The vital difference

Daily Reading for November 7 • The Twenty-Fourth Sunday after Pentecost

Often, indeed, a particular conversion takes a long time and is effected through a gradual process; yet even then its completion takes place at a moment, and though the transition effected in that moment may be very small, yet it is in its essential nature abrupt. Most of us have watched the sun setting behind a sharp horizon. Its disc slowly disappears; at last there is only a speck of light; then suddenly it is gone. Its going is a gradual process; but between the last moment when it is visible and the first when it is entirely hidden there is abrupt transition for the eyes that are watching it. . . .

So it is with the setting of the self as it passes over the horizon of its own contemplation. Whether it be in relation to Truth, or Beauty, or Holiness—or that entire dedication of life which alone deserves the Christian name of Love—the self may gradually forgo its grip upon its own activities or it may relax it suddenly; but the vital difference comes when the grip is gone and the object of contemplation or aspiration has free play with it. For that moment there may be a long preparation, or it may come as a lightning-flash. Regarded from one standpoint it is, like the sunset, a continuous process; regarded from another, the process is crowned by a moment which is not itself process at all; that moment is decisive for the quality of life so far as the type of conversion involved affects it. In religion the quality thus induced is called saintliness. And it is most important to notice that this, like the parallel devotion to Truth or Beauty, may be departmental. A man may have been lifted clean out of himself in some functions or activities, and brought into fellowship with the Holy and Eternal, and yet remain in many respects unconverted and self-centred. Such are fanatics—men who are capable of combining with true spiritual exaltation the utterly self-centred passions of cruelty and malignity, or who are ready to speak falsely on behalf of truth. . . . There have been cruel saints, and contemptuous saints, and unscrupulous saints; such saintliness is very incomplete, but may not the less be genuine in itself. And there have been saints who in the unconverted functions of their nature care so much for their own saintliness that for it they are ready to cause great pain to others. It is evidence how mortally deep is our self-centredness that even our deliverance from it in respect of many sides of life may become itself an occasion of self-esteem. This is that demon of spiritual pride, which most of us are not nearly good enough even to encounter. . . .

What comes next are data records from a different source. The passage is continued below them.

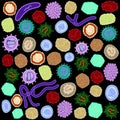 Set of different pathogen viruses, vector illustration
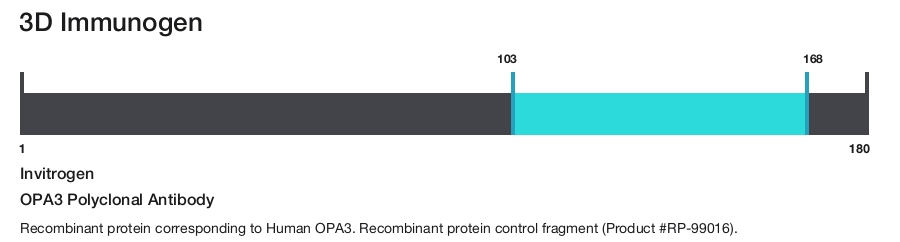 OPA3 Polyclonal Antibody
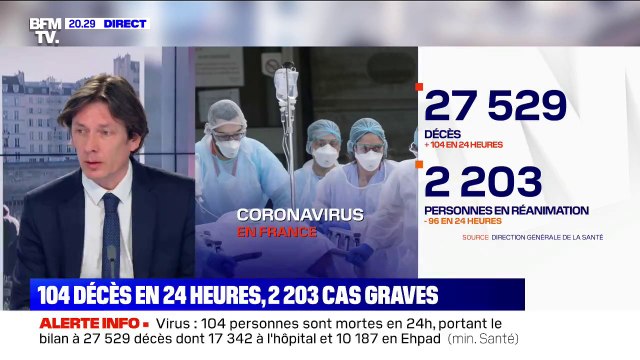 Coronavirus: 104 morts de plus en 24h, portant le bilan à 27.529 décès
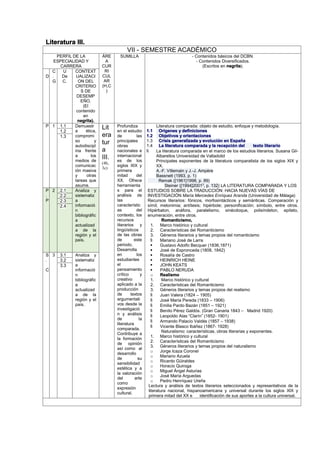 Literatura III.
VII - SEMESTRE ACADÉMICO
PERFIL DE LA
ESPECIALIDAD Y
CARRERA
ÁRE
A
CUR
RI
CUL
AR
(H,C
)
SUMILLA - Contenidos básicos del DCBN.
- Contenidos Diversificados.
(Escritos en negrita).
D
C
.
G
U
De
C.
CONTEXT
UALIZACI
ON DEL
CRITERIO
S DE
DESEMP
EÑO.
(El
contenido
en
negrita).
P 1 1.1 Demuestr
a ética,
compromi
so y
autodiscipl
ina frente
a los
medios de
comunicac
ión masiva
y otras
tareas que
asume.
Lit
era
tur
a
III.
(4h,
3c)
Profundiza
en el estudio
de las
principales
obras
nacionales e
internacional
es de los
siglos XIX y
primera
mitad del
XX. Ofrece
herramienta
s para el
análisis de
las
característic
as del
contexto, los
recursos
literarios y
lingüísticos
de las obras
de este
periodo.
Desarrolla
en los
estudiantes
el
pensamiento
crítico y
creativo
aplicado a la
producción
de textos
argumentati
vos desde la
investigació
n y análisis
de la
literatura
comparada.
Contribuye a
la formación
de opinión
así como al
desarrollo
de su
sensibilidad
estética y a
la valoración
del arte
como
expresión
cultural.
Literatura comparada: objeto de estudio, enfoque y metodología.
1.1 Orígenes y definiciones
1.2 Objetivos y orientaciones
1.3 Crisis generalizada y evolución en España
1.4 La literatura comparada y la recepción del texto literario
 La literatura comparada en el marco de los estudios literarios. Susana Gil-
Albarellos Universidad de Valladolid
Principales exponentes de la literatura comparatista de los siglos XIX y
XX.
A.-F. Villemain y J.-J. Ampère
Bassnett (1993, p. 1)
Remak ([1961]1998, p. 89)
Steiner ([1994]20013
, p. 132) LA LITERATURA COMPARADA Y LOS
ESTUDIOS SOBRE LA TRADUCCIÓN: HACIA NUEVAS VÍAS DE
INVESTIGACIÓN María Mercedes Enríquez Aranda (Universidad de Málaga)
Recursos literarios: fónicos, morfosintácticos y semánticas. Comparación y
símil; metonimia; antítesis; hipérbole; personificación; símbolo, entre otros.
Hipérbaton, anáfora, paralelismo, sinécdoque, polisíndeton, epíteto,
enumeración, entre otros.
Romanticismo,
1. Marco histórico y cultural
2. Características del Romanticismo
3. Géneros literarios y temas propios del romanticismo
 Mariano José de Larra
 Gustavo Adolfo Becquer (1836,1871)
 José de Espronceda (1808, 1842)
 Rosalía de Castro
 HEINRICH HEINE
 JOHN KEATS
 PABLO NERUDA
o Realismo
1. Marco histórico y cultural
2. Características del Romanticismo
3. Géneros literarios y temas propios del realismo
 Juan Valera (1824 – 1905)
 José María Pereda (1833 – 1906)
 Emilia Pardo Bazán (1851 – 1921)
 Benito Pérez Galdós. (Gran Canaria 1843 – Madrid 1920)
 Leopoldo Alas “Clarín” (1852- 1901)
 Armando Palacio Valdés (1857 – 1938)
 Vicente Blasco Ibáñez (1867- 1928)
Naturalismo: características, obras literarias y exponentes.
1. Marco histórico y cultural
2. Características del Romanticismo
3. Géneros literarios y temas propios del naturalismo
o Jorge Icaza Coronel
o Mariano Azuela
o Ricardo Güiraldes
o Horacio Quiroga
o Miguel Ángel Asturias
o José María Arguedas
o Pedro Henríquez Ureña
Lectura y análisis de textos literarios seleccionados y representativos de la
literatura nacional, hispanoamericana y universal durante los siglos XIX y
primera mitad del XX e identificación de sus aportes a la cultura universal.
1.2
1.3
P
.
P
2 2.1 Analiza y
sistematiz
a
informació
n
bibliográfic
a
actualizad
a de la
región y el
país.
2.2
2.3
2.4
S
.
C
3 3.1 Analiza y
sistematiz
a
informació
n
bibliográfic
a
actualizad
a de la
región y el
país.
3.2
3.3
 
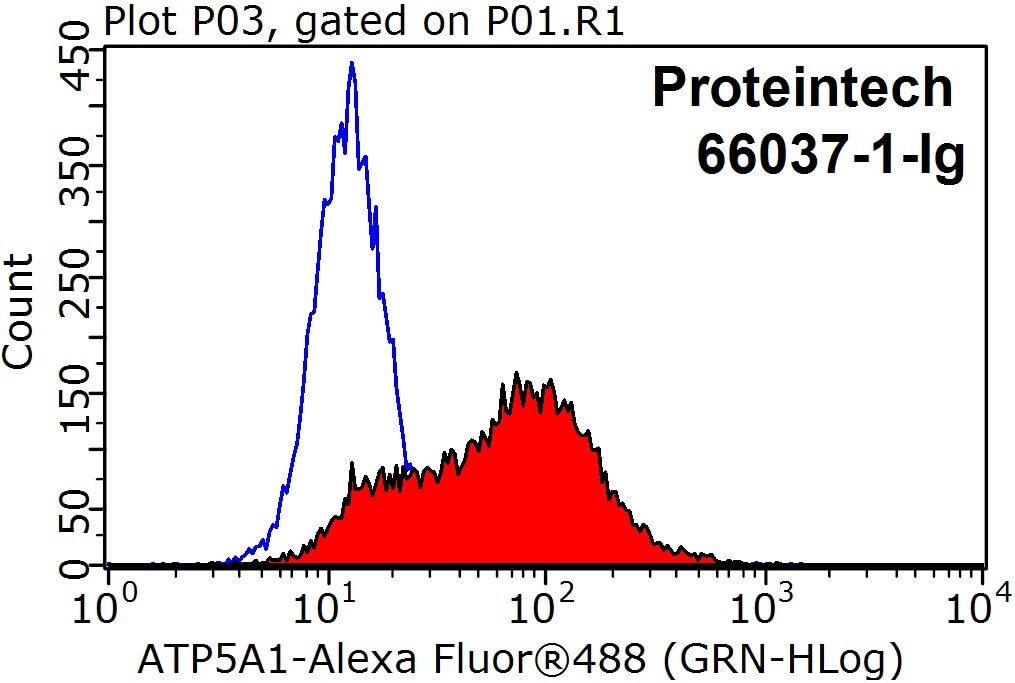 Flow cytometry (FC) experiment of HeLa cells using ATP5A1 Monoclonal antibody (66037-1-Ig)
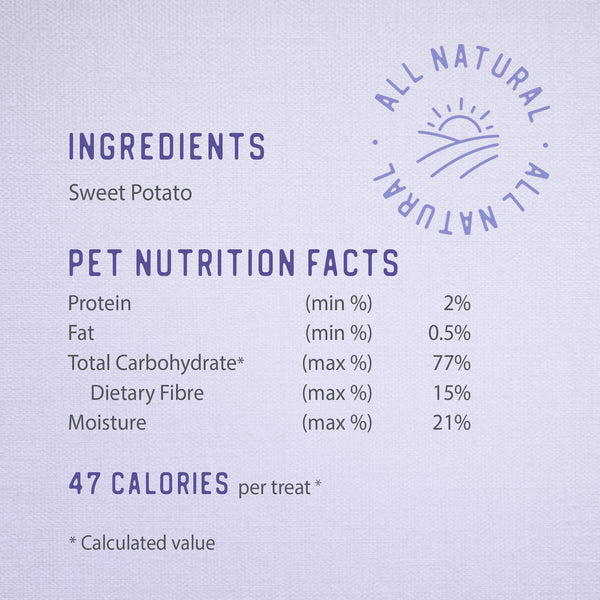 Caledon Farms Canada Super Value Pack Sweet Potato Chews 1140g features an All Natural label. Ingredients: sweet potato. Protein 2%, fat 0.5%, fiber 15%, moisture 21%. Each vegan chew has 47 calories—healthy, wholesome treats for your dog.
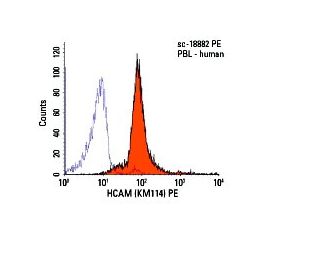 CD44 Antibody (KM114) - Flow Cytometry - Image 6033 
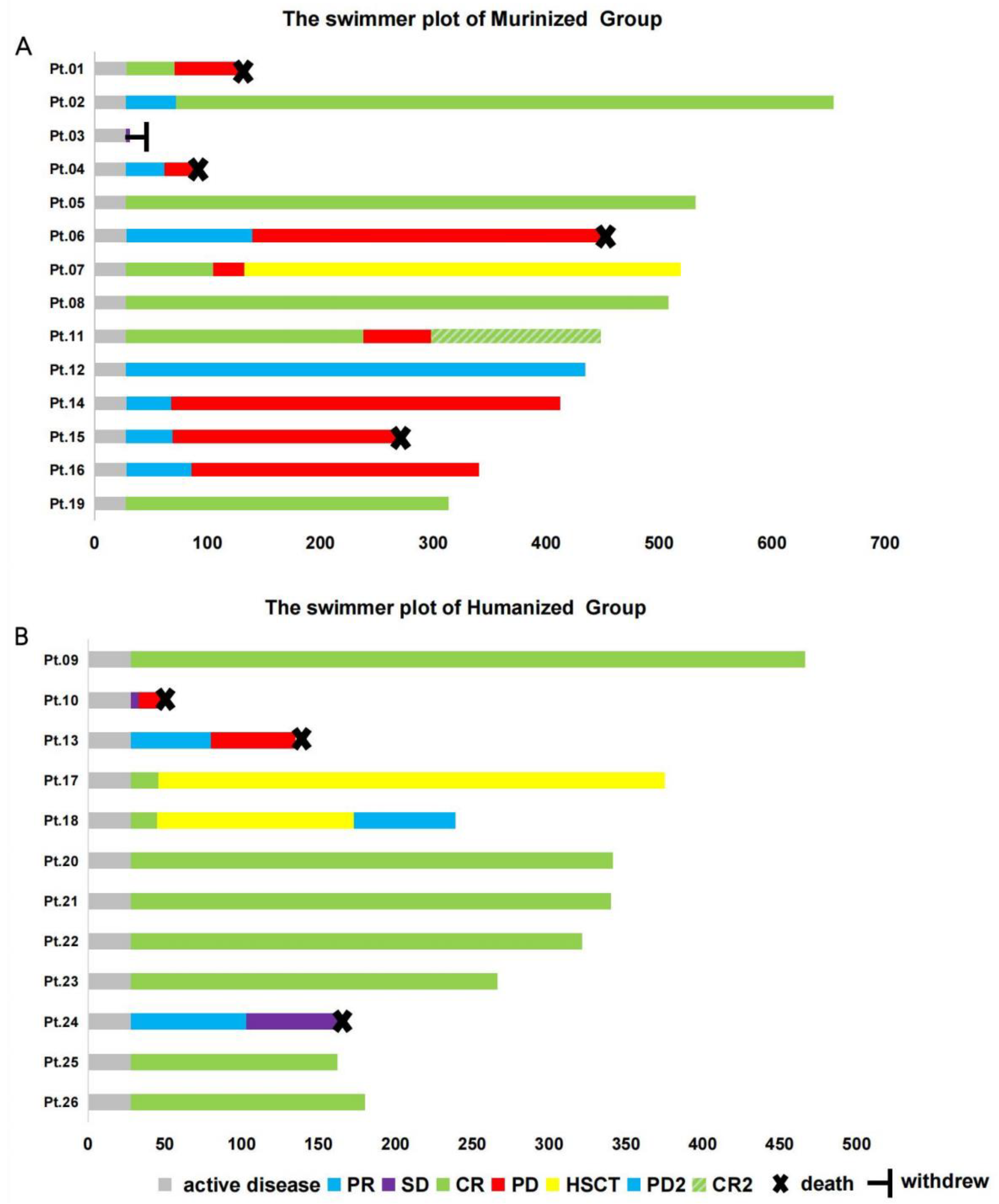 Cells 11 04085 g004 Cells 11 04085 g004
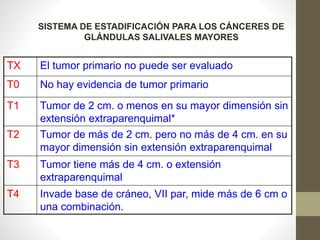 TX El tumor primario no puede ser evaluado
T0 No hay evidencia de tumor primario
T1 Tumor de 2 cm. o menos en su mayor dimensión sin
extensión extraparenquimal*
T2 Tumor de más de 2 cm. pero no más de 4 cm. en su
mayor dimensión sin extensión extraparenquimal
T3 Tumor tiene más de 4 cm. o extensión
extraparenquimal
T4 Invade base de cráneo, VII par, mide más de 6 cm o
una combinación.
SISTEMA DE ESTADIFICACIÓN PARA LOS CÁNCERES DE
GLÁNDULAS SALIVALES MAYORES
 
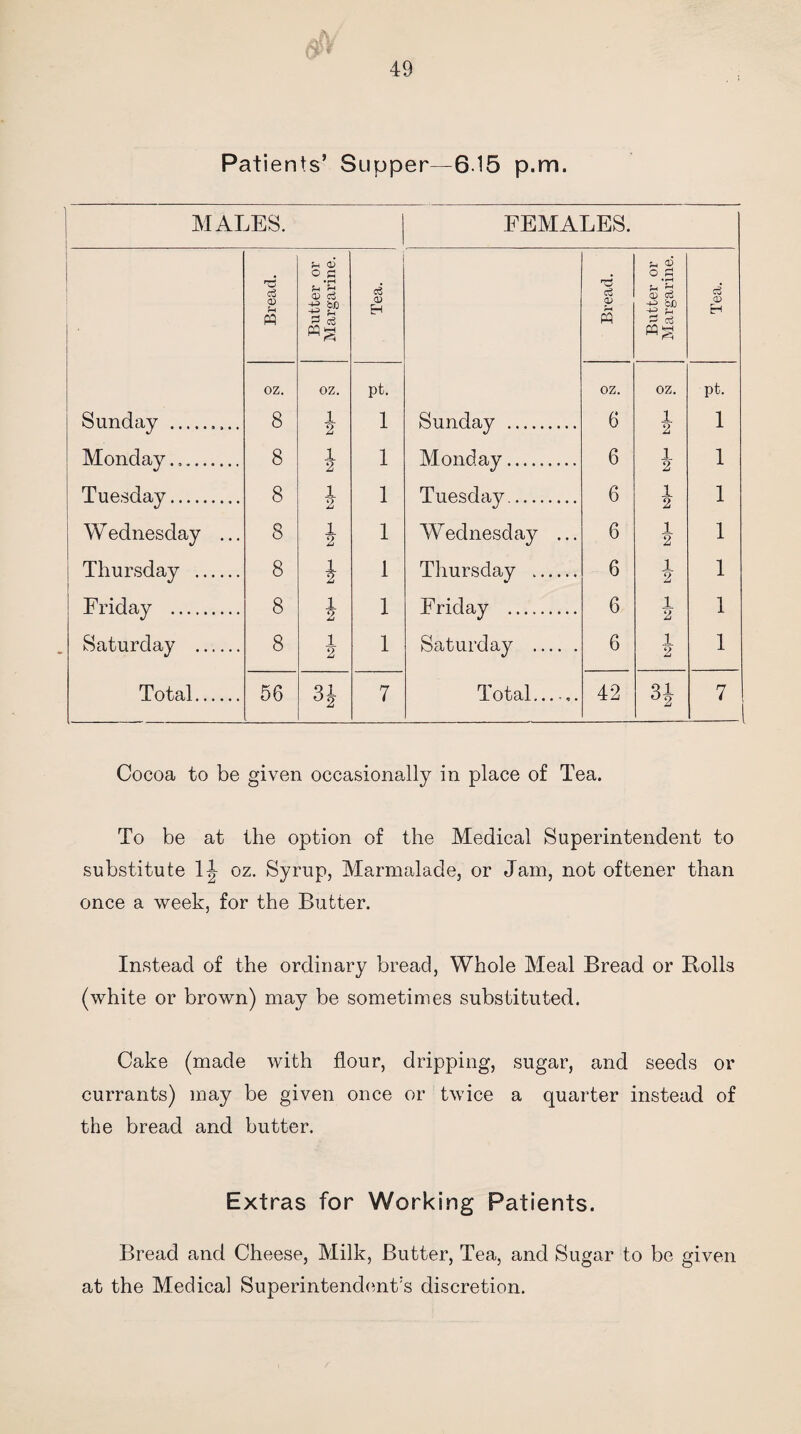 Patients’ Supper— 6.15 p.m. MALES. FEMALES. ' Bread. Butter or Margarine. o3 <v H oz. oz. pt. Sunday .. 8 1 2 1 Monday... 8 1 2 1 Tuesday. 8 1 2 1 Wednesday ... 8 1 2 1 Thursday . 8 i 1 Friday . 8 i 1 Saturday . 8 1 2 1 Total. 56 7 Sunday . Monday. Tuesday. Wednesday ... Thursday . Friday . Saturday . Total... - c3 OJ oz. 6 6 6 6 6 6 6 42 0) bJO e f-1 5 ^ co ^ oz. 1 2 1 2 1 2 1 2 1 2 1 2 1 2 c3 H ^2 pt. 1 1 1 1 1 1 1 Cocoa to be given occasionally in place of Tea. To be at the option of the Medical Superintendent to substitute 1^ oz. Syrup, Marmalade, or Jam, not oftener than once a week, for the Butter. Instead of the ordinary bread, Whole Meal Bread or Bolls (white or brown) may be sometimes substituted. Cake (made with flour, dripping, sugar, and seeds or currants) may be given once or twice a quarter instead of the bread and butter. Extras for Working Patients. Bread and Cheese, Milk, Butter, Tea, and Sugar to be given at the Medical Superintendent's discretion.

The true aim of the soul is not its own salvation; to make that the chief aim is to ensure its perdition; for it is to fix the soul on itself as centre. The true aim of the soul is to glorify God; in pursuing that aim it will attain to salvation unawares. No one who is convinced of his own salvation is as yet even safe, let alone “saved.” Salvation is the state of him who has ceased to be interested whether he is saved or not, provided that what takes the place of that supreme self-interest is not a lower form of self-interest but the glory of God.

From “Divine Grace and Human Freedom” by William Temple, in Nature, God, and Man (Edinburgh: R & R Clark, 1934).